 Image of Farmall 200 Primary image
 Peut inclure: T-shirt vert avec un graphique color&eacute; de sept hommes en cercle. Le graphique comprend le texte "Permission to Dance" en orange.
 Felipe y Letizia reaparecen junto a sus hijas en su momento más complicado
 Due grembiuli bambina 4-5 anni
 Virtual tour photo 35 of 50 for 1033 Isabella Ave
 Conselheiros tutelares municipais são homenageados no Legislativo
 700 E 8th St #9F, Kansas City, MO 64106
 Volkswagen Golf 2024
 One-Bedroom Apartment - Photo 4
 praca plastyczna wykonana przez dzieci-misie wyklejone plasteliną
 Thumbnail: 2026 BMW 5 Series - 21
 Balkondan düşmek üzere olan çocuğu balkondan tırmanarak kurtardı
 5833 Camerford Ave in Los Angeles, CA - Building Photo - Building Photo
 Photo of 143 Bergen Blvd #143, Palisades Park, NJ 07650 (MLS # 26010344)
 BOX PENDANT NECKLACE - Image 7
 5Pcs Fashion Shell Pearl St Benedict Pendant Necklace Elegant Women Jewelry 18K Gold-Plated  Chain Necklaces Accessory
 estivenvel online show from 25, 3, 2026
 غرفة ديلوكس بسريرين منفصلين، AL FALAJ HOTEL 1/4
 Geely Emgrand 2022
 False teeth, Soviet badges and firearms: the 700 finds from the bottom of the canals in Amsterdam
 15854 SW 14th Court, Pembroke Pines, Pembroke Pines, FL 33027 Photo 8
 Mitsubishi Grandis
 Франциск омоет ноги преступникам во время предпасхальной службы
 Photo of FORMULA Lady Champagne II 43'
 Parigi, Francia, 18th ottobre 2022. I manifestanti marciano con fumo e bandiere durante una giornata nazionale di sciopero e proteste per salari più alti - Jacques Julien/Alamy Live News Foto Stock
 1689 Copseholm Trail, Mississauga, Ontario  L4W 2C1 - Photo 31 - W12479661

EXERCISE DESCRIPTION: All lines of the data above must be repeated exactly.

COMPLETED EXERCISE:
 Image of Farmall 200 Primary image
 Peut inclure: T-shirt vert avec un graphique color&eacute; de sept hommes en cercle. Le graphique comprend le texte "Permission to Dance" en orange.
 Felipe y Letizia reaparecen junto a sus hijas en su momento más complicado
 Due grembiuli bambina 4-5 anni
 Virtual tour photo 35 of 50 for 1033 Isabella Ave
 Conselheiros tutelares municipais são homenageados no Legislativo
 700 E 8th St #9F, Kansas City, MO 64106
 Volkswagen Golf 2024
 One-Bedroom Apartment - Photo 4
 praca plastyczna wykonana przez dzieci-misie wyklejone plasteliną
 Thumbnail: 2026 BMW 5 Series - 21
 Balkondan düşmek üzere olan çocuğu balkondan tırmanarak kurtardı
 5833 Camerford Ave in Los Angeles, CA - Building Photo - Building Photo
 Photo of 143 Bergen Blvd #143, Palisades Park, NJ 07650 (MLS # 26010344)
 BOX PENDANT NECKLACE - Image 7
 5Pcs Fashion Shell Pearl St Benedict Pendant Necklace Elegant Women Jewelry 18K Gold-Plated  Chain Necklaces Accessory
 estivenvel online show from 25, 3, 2026
 غرفة ديلوكس بسريرين منفصلين، AL FALAJ HOTEL 1/4
 Geely Emgrand 2022
 False teeth, Soviet badges and firearms: the 700 finds from the bottom of the canals in Amsterdam
 15854 SW 14th Court, Pembroke Pines, Pembroke Pines, FL 33027 Photo 8
 Mitsubishi Grandis
 Франциск омоет ноги преступникам во время предпасхальной службы
 Photo of FORMULA Lady Champagne II 43'
 Parigi, Francia, 18th ottobre 2022. I manifestanti marciano con fumo e bandiere durante una giornata nazionale di sciopero e proteste per salari più alti - Jacques Julien/Alamy Live News Foto Stock
 1689 Copseholm Trail, Mississauga, Ontario  L4W 2C1 - Photo 31 - W12479661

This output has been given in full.